C’est évident que par rapport à la gravité de la situation, on est loin du compte. Il y a des embryons de révolte et de lutte, mais le rapport de force est loin de nous être favorable. Il nous manque les outils, tant politiques que syndicaux, pour nous défendre. Tout est à refaire. Seul le mouvement social peut nous redonner un souffle. Quand il est fort, nos organisations sont en forme. Il y a vingt ans, le mouvement altermondialiste, la lutte des chômeurs et la bataille contre l’extrême droite étaient beaucoup plus importants qu’aujourd’hui.

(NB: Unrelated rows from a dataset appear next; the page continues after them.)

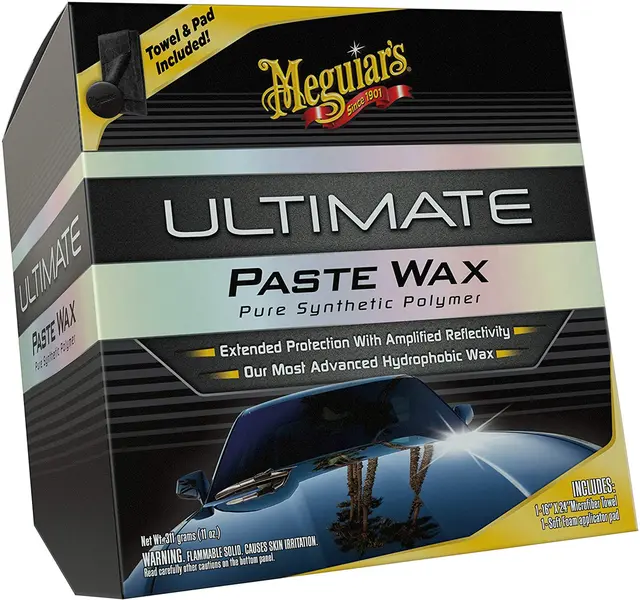 Meguiars Ultimate Paste Wax Syntetisk lakkforsegling, innhold: 414ml 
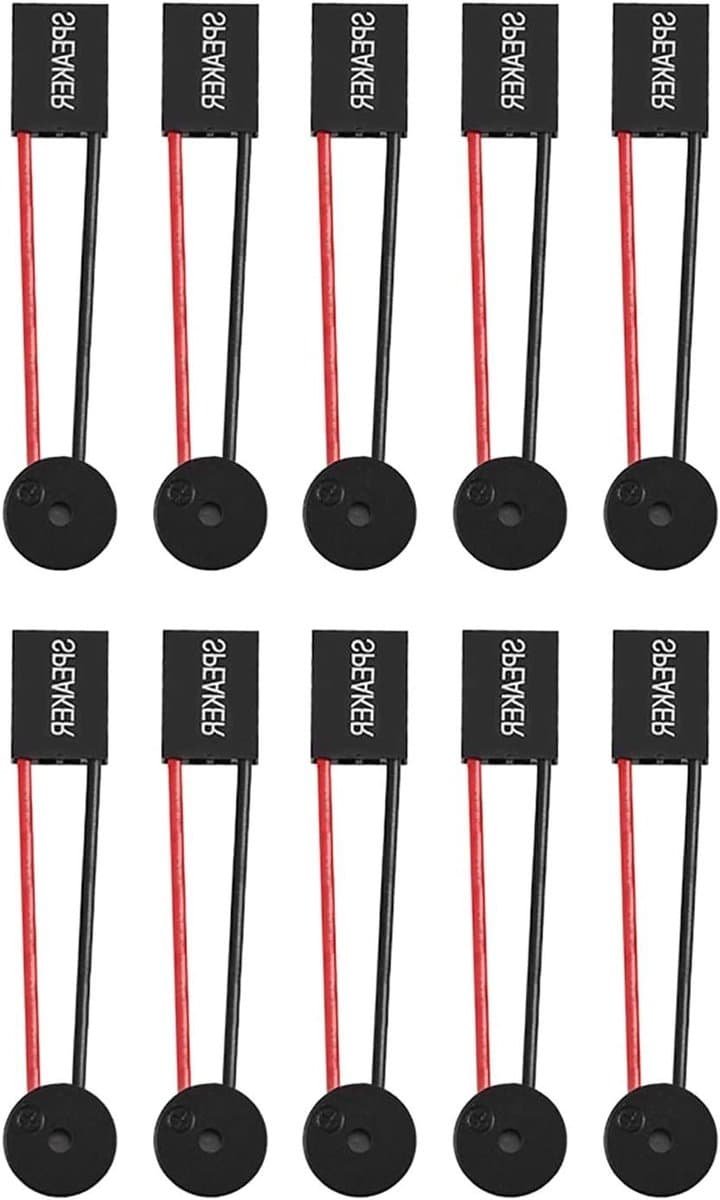 10 Pieces Desktop Computer Shell Mini Speakers pc motherboard speaker Motherboard Shell Buzzer, Which Can Keep Cables in Computer Cabinet Clean, Pc Motherboard Altavoces de ordenador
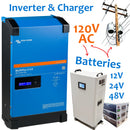 120V Inverter & Charger - 12/24/48V; 500 - 5000 Watts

Cela s’est traduit dans les urnes, avec une extrême gauche à près de 10 % en 2002.
L’extrême gauche peut-elle redevenir forte en France ?
Aujourd’hui, la bataille contre la retraite à 65 ans est à préparer. On entre peut-être dans une période où ça va remuer. Il existe, notamment dans la jeunesse, des militants qui ont envie d’agir. Je n’écarte pas la possibilité d’un nouvel essor des courants les plus radicaux. Nous ne sommes pas énormément de militants mais ce qu’on dit suscite de la sympathie. Il y a un décalage entre nos résultats électoraux et notre popularité. Nos idées sont bien perçues. Cela dit, notre obsession n’est pas le NPA.
Continuez-vous de vous réclamer du trotskisme ? Et de l’extrême gauche ?
Je ne le revendique plus. Le trotskisme, c’est du marxisme, mais à une époque très particulière qui correspond à la lutte antistalinienne. Aujourd’hui, on n’est plus du tout là-dedans. Le NPA n’est pas un parti trotskiste. On n’a pas complètement réussi ce qu’on voulait faire, mais notre ambition de départ était de construire un parti qui réunisse différentes traditions militantes : des libertaires, des trotskistes, des communistes révolutionnaires… L’étiquette extrême gauche ne me gêne pas, mais je préfère me dire anticapitaliste ou révolutionnaire. Après, cela voudrait dire que nous sommes les plus éloignés de l’extrême droite sur l’échiquier. Ce n’est pas pour me déplaire.
Avez-vous des discussions avec LFI ?
En ce moment on participe à des réunions pour préparer la manifestation du 21 janvier. On s’est également retrouvés après l’assassinat des Kurdes à Paris, on a signé un appel commun. Nos organisations se retrouvent sur plein de sujets.
Serez-vous de nouveau candidat en 2027 ?
Ce ne serait pas raisonnable que j’y retourne. Il faut qu’après moi, ce soit une camarade qui prenne le relais, on n’a pas le choix. Ceci dit, on aimerait bien que, d’ici quatre ans, il n’y ait pas une candidature LFI, une candidature LO, une candidature NPA… Je préférerais qu’il y ait une candidature large.